▶ **TASK**:
Having found the line that contains "مصفره هيئه وغرأمات", please retype only it and every line after it up to the end of the entries, exactly as written.

▶ **Short web captions**:
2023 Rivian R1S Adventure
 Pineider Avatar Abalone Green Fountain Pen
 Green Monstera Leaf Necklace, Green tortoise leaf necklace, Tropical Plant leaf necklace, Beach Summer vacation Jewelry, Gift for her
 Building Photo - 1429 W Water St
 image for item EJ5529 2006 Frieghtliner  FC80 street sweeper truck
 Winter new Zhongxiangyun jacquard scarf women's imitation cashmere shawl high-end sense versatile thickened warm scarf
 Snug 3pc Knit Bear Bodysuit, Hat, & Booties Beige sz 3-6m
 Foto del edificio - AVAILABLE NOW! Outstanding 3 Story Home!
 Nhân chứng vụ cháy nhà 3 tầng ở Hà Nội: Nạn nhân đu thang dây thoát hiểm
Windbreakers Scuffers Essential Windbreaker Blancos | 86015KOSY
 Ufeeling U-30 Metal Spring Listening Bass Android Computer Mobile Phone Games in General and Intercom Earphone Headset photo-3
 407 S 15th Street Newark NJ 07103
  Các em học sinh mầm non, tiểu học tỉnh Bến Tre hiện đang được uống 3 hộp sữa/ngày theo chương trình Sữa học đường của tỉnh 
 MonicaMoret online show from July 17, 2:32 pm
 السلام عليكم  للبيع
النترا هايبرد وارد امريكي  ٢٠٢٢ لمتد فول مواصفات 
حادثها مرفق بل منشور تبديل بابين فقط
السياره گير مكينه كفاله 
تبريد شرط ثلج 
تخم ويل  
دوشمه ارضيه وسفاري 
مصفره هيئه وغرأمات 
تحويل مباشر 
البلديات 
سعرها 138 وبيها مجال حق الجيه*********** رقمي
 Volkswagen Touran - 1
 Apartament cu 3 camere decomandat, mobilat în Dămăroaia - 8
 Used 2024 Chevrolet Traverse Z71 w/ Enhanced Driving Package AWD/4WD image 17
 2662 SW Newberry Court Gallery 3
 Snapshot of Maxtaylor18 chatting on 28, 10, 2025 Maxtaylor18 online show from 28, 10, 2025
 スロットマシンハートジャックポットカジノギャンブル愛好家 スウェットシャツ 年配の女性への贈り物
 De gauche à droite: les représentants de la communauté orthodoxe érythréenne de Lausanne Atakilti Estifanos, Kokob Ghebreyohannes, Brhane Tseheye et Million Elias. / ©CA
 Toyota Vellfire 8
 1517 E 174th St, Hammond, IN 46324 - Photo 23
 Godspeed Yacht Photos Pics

▶ **OUTPUT FOR THIS TASK**:
مصفره هيئه وغرأمات 
تحويل مباشر 
البلديات 
سعرها 138 وبيها مجال حق الجيه*********** رقمي
 Volkswagen Touran - 1
 Apartament cu 3 camere decomandat, mobilat în Dămăroaia - 8
 Used 2024 Chevrolet Traverse Z71 w/ Enhanced Driving Package AWD/4WD image 17
 2662 SW Newberry Court Gallery 3
 Snapshot of Maxtaylor18 chatting on 28, 10, 2025 Maxtaylor18 online show from 28, 10, 2025
 スロットマシンハートジャックポットカジノギャンブル愛好家 スウェットシャツ 年配の女性への贈り物
 De gauche à droite: les représentants de la communauté orthodoxe érythréenne de Lausanne Atakilti Estifanos, Kokob Ghebreyohannes, Brhane Tseheye et Million Elias. / ©CA
 Toyota Vellfire 8
 1517 E 174th St, Hammond, IN 46324 - Photo 23
 Godspeed Yacht Photos Pics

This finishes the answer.